Resulta difícil comentar situaciones y hechos de los que tenemos conocimiento por los medios de comunicación, en cualquier parte del mundo, hechos que parecen repetirse una y otra vez de forma cíclica, casi estacional; sucesos que provocan alteraciones de la vida social, declaraciones malsonantes y repetidos actos de violencia provenientes de una irracionalidad demasiado familiar para considerarla excepcional. Brutalidad como respuesta a la misma brutalidad que se censura, a la que sumar gritos y amenazas por parte de quien poco o nada tiene que decir, no por su supuesta o merecida importancia, sino por la insignificancia de unas voces necesitadas de la sinrazón con tal de hacerse oír, lo que significa su inmediato ninguneo, desde el mismo momento en que tales situaciones son incluidas en la noria de una información continua que más bien parece desinformación. De hecho, llega un punto en el que cualquier respuesta a un acto o comportamiento denunciable es preferible que aparezca acompañada por las correspondientes dosis de violencia, mejor si precisan de advertencias infantiles dirigidas a un público informativamente infantil; violencia generalmente interesada o visiblemente desorientada y egoísta que gusta aprovecharse de cualquier situación proclive a un desorden y confusión que, en última instancia, poco o nada tienen que ver con los problemas reales, los de la gente, los que se desarrollan y repiten al margen de esa otra realidad que venden y fomentan los medios de comunicación; se trata del penúltimo pico informativo que salpicará la aburrida normalidad que consumimos, esa que nos lleva de la mano por el borde de la irrelevancia.
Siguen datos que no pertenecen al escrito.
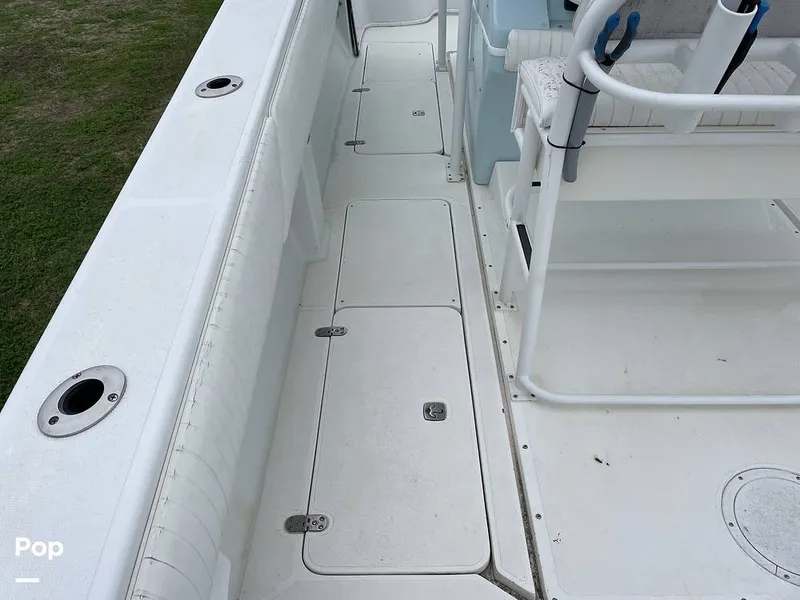 Slide: The Image of Fountain 37 2003 - 13954562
Tampoco mejora que centre mi comentario en un hecho concreto, el último, pero, cuál es el último para unos medios de comunicación y redes sociales que viven de unas urgencias que no son tales, instalados e instalándonos en una premura que nada tiene que ver con la vida de la gente, esa cotidianidad que, al margen de focos y cámaras, una gran mayoría sufre deseosa de mostrar al mundo coloreada por luces y sonrisas que momentáneamente enmascararán el fastidio y la vergüenza que barniza muchas de ellas. Luces que amplifican lo que no deja de ser una violenta vulgaridad, violenta no, cruel, y digo cruel porque resulta cruel la indiferencia con la que hemos asumido nuestra propia intrascendencia, crueldad que se hace más dolorosa si cabe cuando la vemos reflejada en esas “espontáneas” e irracionales reacciones públicas que muestran los medios y en las que reconocemos nuestra propia frustración. Cámaras y medios a los que les importan un pimiento el interés o problema del sujeto o sujetos que desgraciadamente acaban de ascender al escalafón de noticia, y mucho menos los de esos otros que, como si de una oportunidad única se tratara, se dedican a exhibir esa peculiar brutalidad en forma de vandalismo completamente gratuito, salvajismo que desconoce o directamente obvia el supuesto motivo que le lleva a situarse ante el objetivo. Otro ingenuo sin razón, razón que desaparece en el mismo momento en el que decide mostrarse en una red de comunicaciones global que la engullirá y empequeñecerá al instante, más entretenimiento que realidad. ¿Sucedió o se trataba de una repetición?